Feedback has been really great. People who have been shielding have said it has been a godsend having good quality food delivered to their doorstep and not having to worry. Another type of customer is those who just want the convenience of good quality local produce delivered without having to go to the shops. I suppose you could add a 3rd type of customer – those who wanted to support the farm.
You seem to cover a fairly wide geographical area?
Yes, we are now covering Larne, Ballymena, Lurgan, Banbridge, Downpatrick, Dromore, Belfast, Comber, Newtownards, Bangor and the Ards Peninsula. We deliver on different days of the week to different areas.
Have you been able to bring any of your team back to help you out?
We started off with one van doing deliveries (by me) and then I was able to bring one of the team we had furloughed back in and now we have 3 off furlough and hopefully in the next week or 2 we will be bringing another one of the team back in full time.

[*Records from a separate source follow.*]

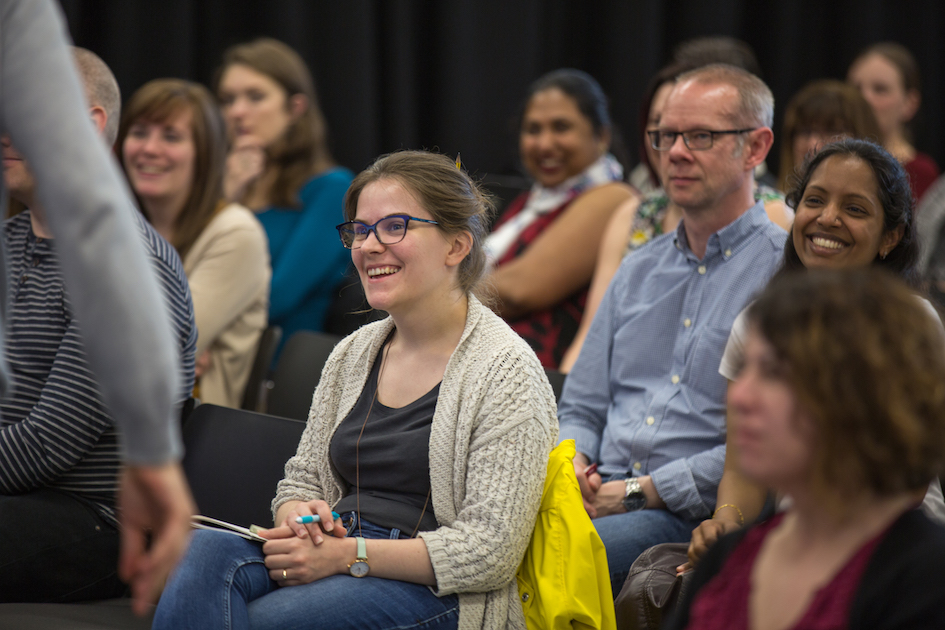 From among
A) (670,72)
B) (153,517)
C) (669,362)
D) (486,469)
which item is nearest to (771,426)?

Especially as we start making plans to re-open to visitors, we will need more hands-on-deck!
So, do you hope to get Streamvale Open Farm re-opened again soon?
Yes, we are hoping to re-open again in July and we are just starting to work that all out. In actual fact, we are already well set up here as we have hand wash stations set up throughout the farm and signs asking people to wash their hands after petting the animals for years. Really all we need is some extra signage to reinforce the hygiene and social distancing messages.
Obviously, we will have lower numbers through at any one time too and people will have to pre-book to come in a certain time slot. A bit more like how we operate our Christmas event.
You have a café at Streamvale Open Farm too?
Yes, we have a café and a burger bar, but I think they will be the last parts of the visitor experience to re-open. We will encourage people to bring a picnic to enjoy when they are here. Of course, they will still be able to buy the Streamvale Farm Ice Cream!
Finally, how do people find out more about Moo to You and Streamvale Open Farm?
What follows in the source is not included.